# Short web captions:
* * * * * * *

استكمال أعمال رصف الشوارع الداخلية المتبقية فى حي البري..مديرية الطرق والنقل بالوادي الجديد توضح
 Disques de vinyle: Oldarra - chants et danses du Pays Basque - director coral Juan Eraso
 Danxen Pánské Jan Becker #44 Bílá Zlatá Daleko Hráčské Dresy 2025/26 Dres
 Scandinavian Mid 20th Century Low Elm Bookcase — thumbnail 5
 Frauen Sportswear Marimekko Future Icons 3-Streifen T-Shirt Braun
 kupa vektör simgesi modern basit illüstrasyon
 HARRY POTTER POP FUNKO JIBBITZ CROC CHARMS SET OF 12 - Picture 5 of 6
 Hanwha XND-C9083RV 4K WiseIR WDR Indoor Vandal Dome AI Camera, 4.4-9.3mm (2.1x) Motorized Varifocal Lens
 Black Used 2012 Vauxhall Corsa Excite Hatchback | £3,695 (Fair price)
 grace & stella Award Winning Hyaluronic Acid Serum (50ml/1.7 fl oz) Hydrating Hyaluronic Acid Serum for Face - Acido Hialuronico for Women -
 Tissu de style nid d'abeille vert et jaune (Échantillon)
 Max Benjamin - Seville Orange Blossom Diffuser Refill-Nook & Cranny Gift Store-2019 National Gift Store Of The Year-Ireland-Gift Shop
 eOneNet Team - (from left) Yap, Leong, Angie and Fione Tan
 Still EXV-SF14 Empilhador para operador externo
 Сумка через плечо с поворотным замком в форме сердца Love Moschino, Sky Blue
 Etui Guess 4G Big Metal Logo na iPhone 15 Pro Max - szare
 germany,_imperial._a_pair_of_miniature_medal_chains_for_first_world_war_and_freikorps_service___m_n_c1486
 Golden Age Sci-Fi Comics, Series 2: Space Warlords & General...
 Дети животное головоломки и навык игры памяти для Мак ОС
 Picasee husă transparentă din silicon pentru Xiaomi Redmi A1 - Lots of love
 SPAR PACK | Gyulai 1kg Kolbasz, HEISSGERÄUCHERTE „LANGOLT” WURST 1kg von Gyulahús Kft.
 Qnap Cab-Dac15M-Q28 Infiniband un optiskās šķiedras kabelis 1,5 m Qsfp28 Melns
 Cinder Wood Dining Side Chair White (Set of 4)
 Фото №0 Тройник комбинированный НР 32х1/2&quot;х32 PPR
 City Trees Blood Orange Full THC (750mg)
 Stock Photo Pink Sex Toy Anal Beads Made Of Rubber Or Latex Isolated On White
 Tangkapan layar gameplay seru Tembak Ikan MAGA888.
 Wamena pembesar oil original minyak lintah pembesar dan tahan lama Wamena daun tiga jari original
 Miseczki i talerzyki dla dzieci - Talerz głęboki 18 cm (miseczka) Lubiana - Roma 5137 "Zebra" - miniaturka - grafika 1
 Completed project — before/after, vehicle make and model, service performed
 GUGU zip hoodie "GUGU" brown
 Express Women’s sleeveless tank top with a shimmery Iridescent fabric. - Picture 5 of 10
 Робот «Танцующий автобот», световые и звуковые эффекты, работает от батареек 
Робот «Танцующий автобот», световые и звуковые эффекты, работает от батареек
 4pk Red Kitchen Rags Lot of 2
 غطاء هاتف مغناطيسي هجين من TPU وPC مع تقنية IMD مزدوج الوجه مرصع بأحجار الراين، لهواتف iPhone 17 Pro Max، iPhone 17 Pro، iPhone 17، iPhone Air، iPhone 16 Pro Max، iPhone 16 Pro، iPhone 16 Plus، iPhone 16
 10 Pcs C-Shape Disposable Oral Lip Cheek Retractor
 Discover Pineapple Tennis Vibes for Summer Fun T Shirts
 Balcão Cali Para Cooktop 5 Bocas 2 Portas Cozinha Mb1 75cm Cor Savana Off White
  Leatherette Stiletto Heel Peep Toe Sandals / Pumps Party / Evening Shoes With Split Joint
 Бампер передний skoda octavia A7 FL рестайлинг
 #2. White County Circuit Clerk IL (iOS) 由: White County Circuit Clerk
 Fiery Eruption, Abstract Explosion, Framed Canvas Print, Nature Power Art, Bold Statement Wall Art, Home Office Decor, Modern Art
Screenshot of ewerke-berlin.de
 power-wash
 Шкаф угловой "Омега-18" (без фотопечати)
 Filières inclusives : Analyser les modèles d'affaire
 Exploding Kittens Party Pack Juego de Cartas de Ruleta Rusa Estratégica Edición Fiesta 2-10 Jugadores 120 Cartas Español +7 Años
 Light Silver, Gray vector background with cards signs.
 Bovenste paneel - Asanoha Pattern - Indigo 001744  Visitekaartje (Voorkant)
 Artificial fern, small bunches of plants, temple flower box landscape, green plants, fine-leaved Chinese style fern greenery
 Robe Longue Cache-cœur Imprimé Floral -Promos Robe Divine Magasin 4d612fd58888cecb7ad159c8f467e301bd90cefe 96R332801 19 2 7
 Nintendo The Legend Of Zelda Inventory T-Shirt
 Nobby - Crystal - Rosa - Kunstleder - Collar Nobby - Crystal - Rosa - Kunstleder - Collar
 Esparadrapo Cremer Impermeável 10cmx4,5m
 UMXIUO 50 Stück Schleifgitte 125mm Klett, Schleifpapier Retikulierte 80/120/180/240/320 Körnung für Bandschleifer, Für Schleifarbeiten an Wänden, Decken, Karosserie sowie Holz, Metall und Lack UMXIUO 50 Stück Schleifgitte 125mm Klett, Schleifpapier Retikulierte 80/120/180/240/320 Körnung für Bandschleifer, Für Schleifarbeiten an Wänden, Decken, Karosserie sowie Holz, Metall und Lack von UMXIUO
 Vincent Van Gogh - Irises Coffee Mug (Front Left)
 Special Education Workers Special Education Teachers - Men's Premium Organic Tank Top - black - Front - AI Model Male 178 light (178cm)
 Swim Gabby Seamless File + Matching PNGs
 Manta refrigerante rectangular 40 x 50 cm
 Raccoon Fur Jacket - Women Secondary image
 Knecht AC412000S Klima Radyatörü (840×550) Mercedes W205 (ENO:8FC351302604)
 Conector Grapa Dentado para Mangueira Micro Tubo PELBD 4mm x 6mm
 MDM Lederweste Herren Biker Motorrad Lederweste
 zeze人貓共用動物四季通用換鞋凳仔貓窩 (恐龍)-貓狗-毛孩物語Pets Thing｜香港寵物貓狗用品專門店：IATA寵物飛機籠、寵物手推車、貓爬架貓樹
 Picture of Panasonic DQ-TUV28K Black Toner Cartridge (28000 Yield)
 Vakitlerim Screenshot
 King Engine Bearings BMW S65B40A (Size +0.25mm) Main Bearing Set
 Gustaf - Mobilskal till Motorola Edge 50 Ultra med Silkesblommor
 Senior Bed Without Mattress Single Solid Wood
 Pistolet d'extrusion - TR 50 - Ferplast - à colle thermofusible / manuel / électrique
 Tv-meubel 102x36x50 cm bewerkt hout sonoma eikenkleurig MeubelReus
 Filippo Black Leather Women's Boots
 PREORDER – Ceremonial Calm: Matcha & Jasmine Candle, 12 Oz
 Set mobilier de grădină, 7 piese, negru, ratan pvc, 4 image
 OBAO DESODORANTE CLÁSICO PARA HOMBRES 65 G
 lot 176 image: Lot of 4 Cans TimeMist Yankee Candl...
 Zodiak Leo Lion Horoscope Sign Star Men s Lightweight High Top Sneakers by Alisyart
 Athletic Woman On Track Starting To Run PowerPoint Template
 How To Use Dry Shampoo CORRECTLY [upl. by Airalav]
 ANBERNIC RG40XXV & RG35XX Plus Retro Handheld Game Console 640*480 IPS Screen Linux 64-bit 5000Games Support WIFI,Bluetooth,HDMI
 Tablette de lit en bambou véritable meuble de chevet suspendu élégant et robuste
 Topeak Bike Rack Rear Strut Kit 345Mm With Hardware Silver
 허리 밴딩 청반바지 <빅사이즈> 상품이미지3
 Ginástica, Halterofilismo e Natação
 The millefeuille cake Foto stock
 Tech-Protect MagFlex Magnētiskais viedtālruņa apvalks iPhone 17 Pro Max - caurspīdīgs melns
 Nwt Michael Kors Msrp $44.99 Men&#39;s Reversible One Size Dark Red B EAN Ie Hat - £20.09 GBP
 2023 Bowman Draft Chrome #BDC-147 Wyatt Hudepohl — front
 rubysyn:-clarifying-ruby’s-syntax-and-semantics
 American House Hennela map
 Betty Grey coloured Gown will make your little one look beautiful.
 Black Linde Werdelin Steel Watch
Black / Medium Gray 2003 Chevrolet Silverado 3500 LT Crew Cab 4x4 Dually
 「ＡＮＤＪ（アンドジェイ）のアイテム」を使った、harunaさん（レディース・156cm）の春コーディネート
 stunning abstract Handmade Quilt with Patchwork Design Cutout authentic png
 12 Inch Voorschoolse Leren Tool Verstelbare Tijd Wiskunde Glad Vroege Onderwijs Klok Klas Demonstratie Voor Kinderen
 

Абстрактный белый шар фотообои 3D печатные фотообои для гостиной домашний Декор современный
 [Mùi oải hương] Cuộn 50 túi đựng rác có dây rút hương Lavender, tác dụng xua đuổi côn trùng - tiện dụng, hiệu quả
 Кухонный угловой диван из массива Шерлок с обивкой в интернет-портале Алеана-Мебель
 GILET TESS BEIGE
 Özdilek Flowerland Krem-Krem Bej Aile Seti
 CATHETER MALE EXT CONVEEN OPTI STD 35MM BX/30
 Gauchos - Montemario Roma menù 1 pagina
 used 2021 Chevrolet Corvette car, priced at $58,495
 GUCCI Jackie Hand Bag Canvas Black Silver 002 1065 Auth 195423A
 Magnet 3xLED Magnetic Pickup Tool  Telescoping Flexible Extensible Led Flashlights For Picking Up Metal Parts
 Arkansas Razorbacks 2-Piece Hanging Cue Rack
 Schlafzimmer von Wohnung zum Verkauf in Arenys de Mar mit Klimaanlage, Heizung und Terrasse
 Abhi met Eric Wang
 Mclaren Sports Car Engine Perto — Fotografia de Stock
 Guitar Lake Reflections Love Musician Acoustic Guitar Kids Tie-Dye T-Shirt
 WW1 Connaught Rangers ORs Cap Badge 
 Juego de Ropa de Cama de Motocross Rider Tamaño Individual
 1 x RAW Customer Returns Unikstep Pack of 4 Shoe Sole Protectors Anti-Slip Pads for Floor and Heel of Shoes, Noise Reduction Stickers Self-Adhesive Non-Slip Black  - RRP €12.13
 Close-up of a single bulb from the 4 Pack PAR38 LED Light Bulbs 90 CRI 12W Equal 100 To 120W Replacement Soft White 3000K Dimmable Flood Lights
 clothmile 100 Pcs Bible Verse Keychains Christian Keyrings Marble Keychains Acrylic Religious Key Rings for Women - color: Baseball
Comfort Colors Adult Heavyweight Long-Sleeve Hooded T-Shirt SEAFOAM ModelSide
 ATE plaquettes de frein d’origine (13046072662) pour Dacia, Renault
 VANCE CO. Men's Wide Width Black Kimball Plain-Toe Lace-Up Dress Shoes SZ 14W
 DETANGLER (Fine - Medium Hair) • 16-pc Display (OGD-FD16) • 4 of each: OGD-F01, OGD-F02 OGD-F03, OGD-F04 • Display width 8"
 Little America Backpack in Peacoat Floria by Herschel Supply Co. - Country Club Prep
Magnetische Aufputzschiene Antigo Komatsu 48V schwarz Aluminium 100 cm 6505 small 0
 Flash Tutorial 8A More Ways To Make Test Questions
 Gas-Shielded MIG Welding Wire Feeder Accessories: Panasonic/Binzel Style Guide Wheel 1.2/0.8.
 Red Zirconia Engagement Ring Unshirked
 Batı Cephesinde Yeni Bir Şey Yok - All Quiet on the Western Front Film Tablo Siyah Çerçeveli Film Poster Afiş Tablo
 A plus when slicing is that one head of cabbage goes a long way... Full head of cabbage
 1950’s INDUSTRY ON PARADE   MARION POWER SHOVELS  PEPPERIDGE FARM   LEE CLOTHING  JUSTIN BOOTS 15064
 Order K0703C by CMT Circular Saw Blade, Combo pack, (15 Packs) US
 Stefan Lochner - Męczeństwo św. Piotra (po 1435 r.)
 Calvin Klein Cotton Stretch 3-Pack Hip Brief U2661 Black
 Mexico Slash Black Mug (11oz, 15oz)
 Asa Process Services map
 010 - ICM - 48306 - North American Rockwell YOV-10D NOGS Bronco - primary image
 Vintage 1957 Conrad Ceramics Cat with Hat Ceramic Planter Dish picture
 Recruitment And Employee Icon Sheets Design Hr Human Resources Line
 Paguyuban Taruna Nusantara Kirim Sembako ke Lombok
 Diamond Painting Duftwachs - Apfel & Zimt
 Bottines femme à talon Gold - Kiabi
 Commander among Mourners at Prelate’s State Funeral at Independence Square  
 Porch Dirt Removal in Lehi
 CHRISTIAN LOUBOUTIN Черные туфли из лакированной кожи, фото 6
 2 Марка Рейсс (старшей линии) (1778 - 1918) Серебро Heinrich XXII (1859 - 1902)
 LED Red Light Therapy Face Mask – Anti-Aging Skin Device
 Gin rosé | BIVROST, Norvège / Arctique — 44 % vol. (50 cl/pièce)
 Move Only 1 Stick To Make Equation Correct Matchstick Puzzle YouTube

* * * * * * *

# Work task:
Nothing should appear in the answer except the lines above from the line with "Arkansas Razorbacks 2-Piece Hanging Cue Rack" through the line with "VANCE CO. Men's", both included, written out exactly.

# Output of the exercise:
 Arkansas Razorbacks 2-Piece Hanging Cue Rack
 Schlafzimmer von Wohnung zum Verkauf in Arenys de Mar mit Klimaanlage, Heizung und Terrasse
 Abhi met Eric Wang
 Mclaren Sports Car Engine Perto — Fotografia de Stock
 Guitar Lake Reflections Love Musician Acoustic Guitar Kids Tie-Dye T-Shirt
 WW1 Connaught Rangers ORs Cap Badge 
 Juego de Ropa de Cama de Motocross Rider Tamaño Individual
 1 x RAW Customer Returns Unikstep Pack of 4 Shoe Sole Protectors Anti-Slip Pads for Floor and Heel of Shoes, Noise Reduction Stickers Self-Adhesive Non-Slip Black  - RRP €12.13
 Close-up of a single bulb from the 4 Pack PAR38 LED Light Bulbs 90 CRI 12W Equal 100 To 120W Replacement Soft White 3000K Dimmable Flood Lights
 clothmile 100 Pcs Bible Verse Keychains Christian Keyrings Marble Keychains Acrylic Religious Key Rings for Women - color: Baseball
Comfort Colors Adult Heavyweight Long-Sleeve Hooded T-Shirt SEAFOAM ModelSide
 ATE plaquettes de frein d’origine (13046072662) pour Dacia, Renault
 VANCE CO. Men's Wide Width Black Kimball Plain-Toe Lace-Up Dress Shoes SZ 14W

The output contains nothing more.